Exactly as written, set down each line of the data below except its pictures.

### SOURCE MATERIAL

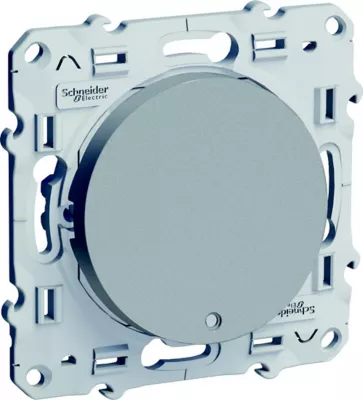 Interrupteur va-et-vient lumineux LED orange 10A à vis Schneider Electric Odace aluminium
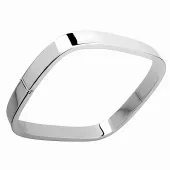 ELEGANCKA SZTYWNA PROSTOKĄTNA SREBRNA GŁADKA BRANSOLETA 7MM WYSOKI POŁYSK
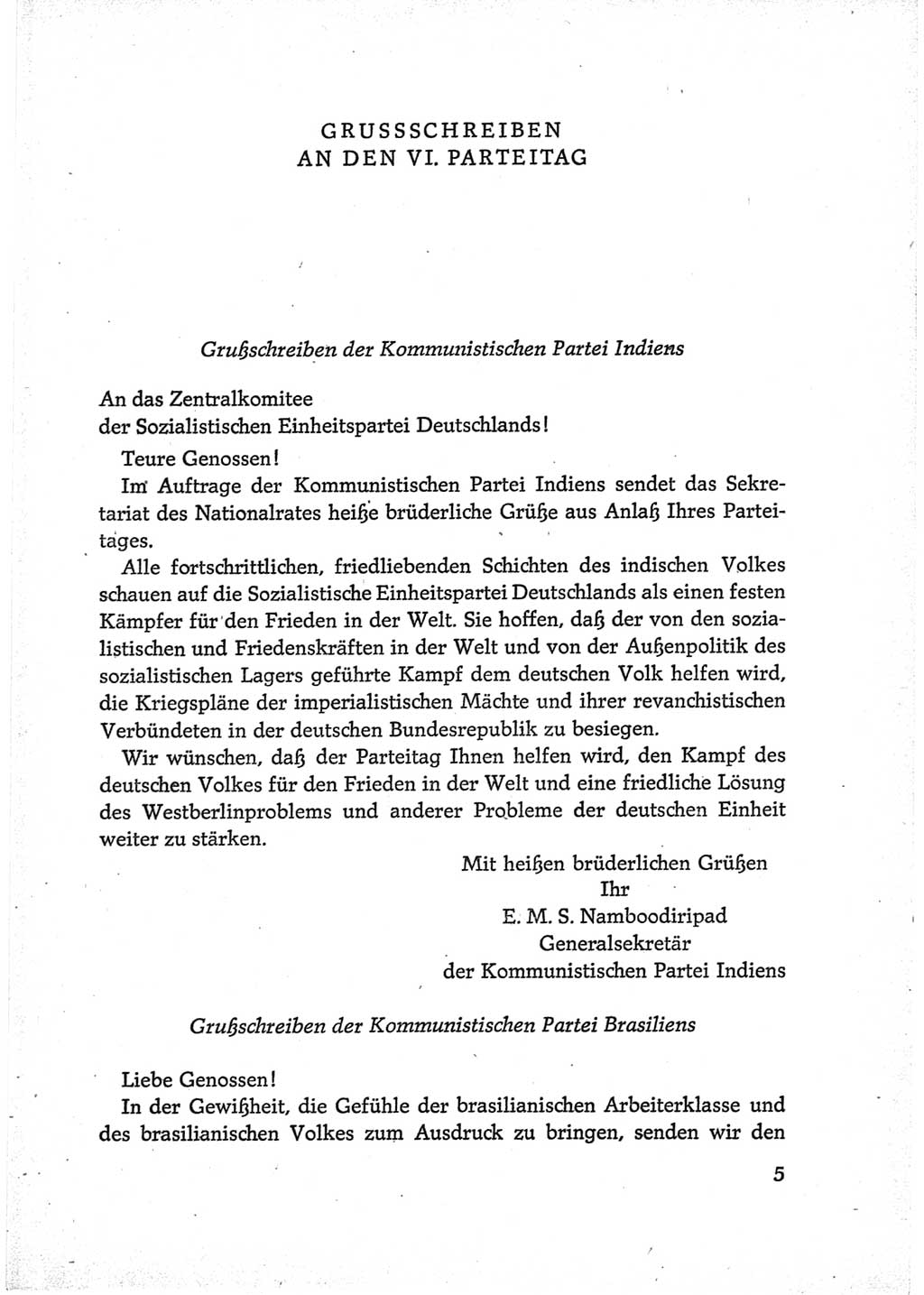 Protokoll der Verhandlungen des Ⅵ. Parteitages der Sozialistischen Einheitspartei Deutschlands (SED) [Deutsche Demokratische Republik (DDR)] 1963, Band Ⅲ, Seite 5 (Prot. Verh. Ⅵ. PT SED DDR 1963, Bd. Ⅲ, S. 5)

######

* **RESPONSE AREA**:
 Interrupteur va-et-vient lumineux LED orange 10A à vis Schneider Electric Odace aluminium
 ELEGANCKA SZTYWNA PROSTOKĄTNA SREBRNA GŁADKA BRANSOLETA 7MM WYSOKI POŁYSK
 Protokoll der Verhandlungen des Ⅵ. Parteitages der Sozialistischen Einheitspartei Deutschlands (SED) [Deutsche Demokratische Republik (DDR)] 1963, Band Ⅲ, Seite 5 (Prot. Verh. Ⅵ. PT SED DDR 1963, Bd. Ⅲ, S. 5)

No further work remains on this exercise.